WHAT YOU ARE ASKED TO DO: Go through the listing below and retype exactly the lines starting at the one with "Volledig gerenoveerd 4-kamerappartement" and ending at the one with "1:24 Marvel Avengers", skipping pictures.

SOURCE DATA:
-- Opening Marker --
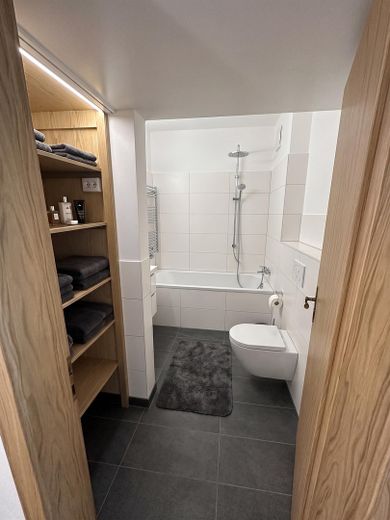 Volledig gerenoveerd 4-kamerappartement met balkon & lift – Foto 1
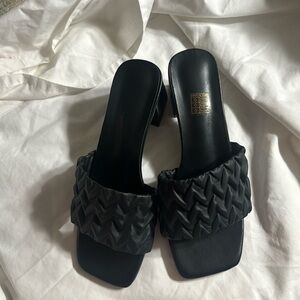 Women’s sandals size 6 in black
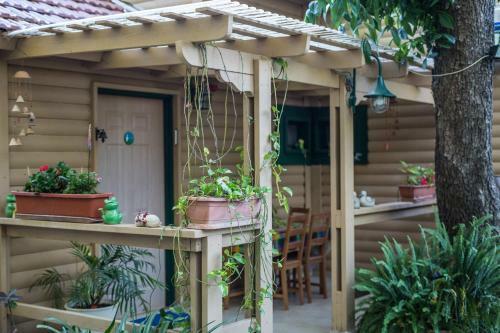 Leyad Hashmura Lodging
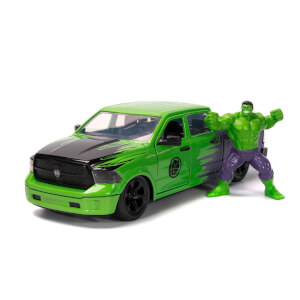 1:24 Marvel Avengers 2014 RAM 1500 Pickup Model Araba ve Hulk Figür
-- Closing Marker --
-- Opening Marker --
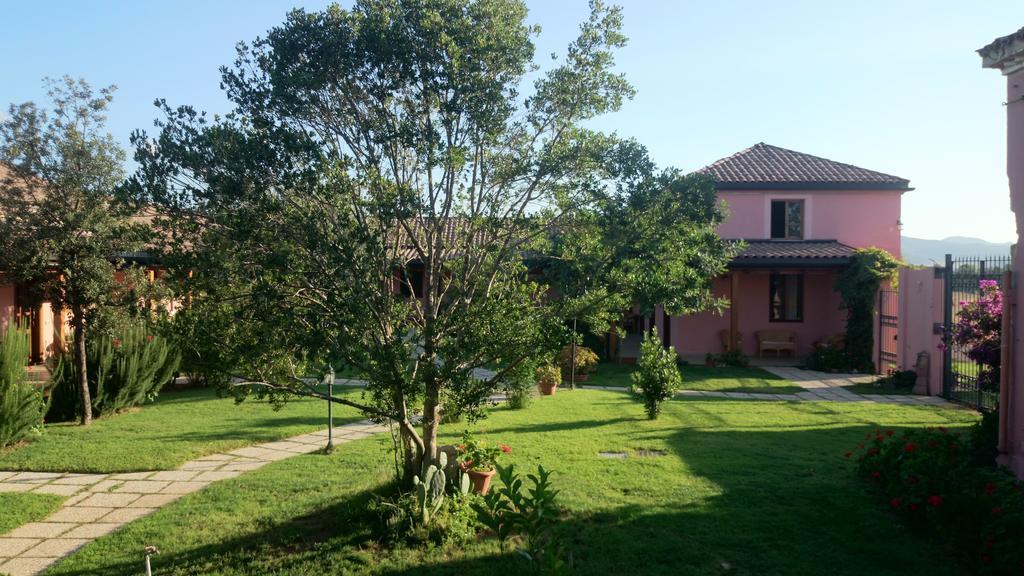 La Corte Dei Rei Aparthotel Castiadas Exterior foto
-- Closing Marker --
FINAL ANSWER:
 Volledig gerenoveerd 4-kamerappartement met balkon & lift – Foto 1
 Women’s sandals size 6 in black
 Leyad Hashmura Lodging
 1:24 Marvel Avengers 2014 RAM 1500 Pickup Model Araba ve Hulk Figür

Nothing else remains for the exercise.